Towards the efficient calculation of quantity of interest from steady Euler equations II: a CNNs-based automatic implementation

TL;DR

This paper enhances a dual-weighted residual-based adaptive method for Euler equations by integrating CNNs, adaptive tolerance strategies, and parallelization to significantly improve computational efficiency in practical applications.

Contribution

It introduces CNN-based solvers, adaptive tolerance adjustment, and parallel computing techniques to accelerate the existing dual-weighted residual method for Euler equations.

Findings

CNN solver maintains dual consistency and accelerates computations.

Adaptive tolerance strategy improves mesh refinement efficiency.
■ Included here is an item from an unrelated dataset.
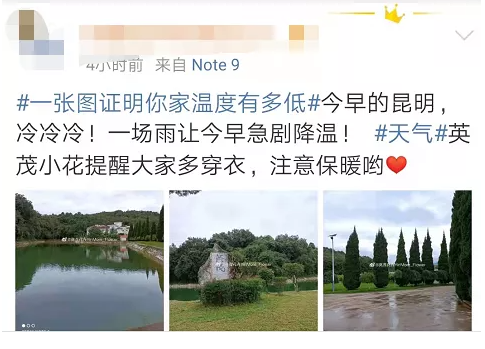 掌上春城(微信)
Parallelization with OpenMP significantly reduces simulation time.

Abstract

In \cite{wang2023towards}, a dual-consistent dual-weighted residual-based $h$-adaptive method has been proposed based on a Newton-GMG framework, towards the accurate calculation of a given quantity of interest from Euler equations. The performance of such a numerical method is satisfactory, i.e., the stable convergence of the quantity of interest can be observed in all numerical experiments. In this paper, we will focus on the efficiency issue to further develop this method, since efficiency is vital for numerical methods in practical applications such as the optimal design of the vehicle shape. Three approaches are studied for addressing the efficiency issue, i.e., i). using convolutional neural networks as a solver for dual equations, ii). designing an automatic adjustment strategy for the tolerance in the $h$-adaptive process to conduct the local refinement and/or coarsening of mesh grids, and iii). introducing OpenMP, a shared memory parallelization technique, to accelerate the module such as the solution reconstruction in the method. The feasibility of each approach and numerical issues are discussed in depth, and significant acceleration from those approaches in simulations can be observed clearly from a number of numerical experiments. In convolutional neural networks, it is worth mentioning that the dual consistency plays an important role to guarantee the efficiency of the whole method and that unstructured meshes are employed in all simulations.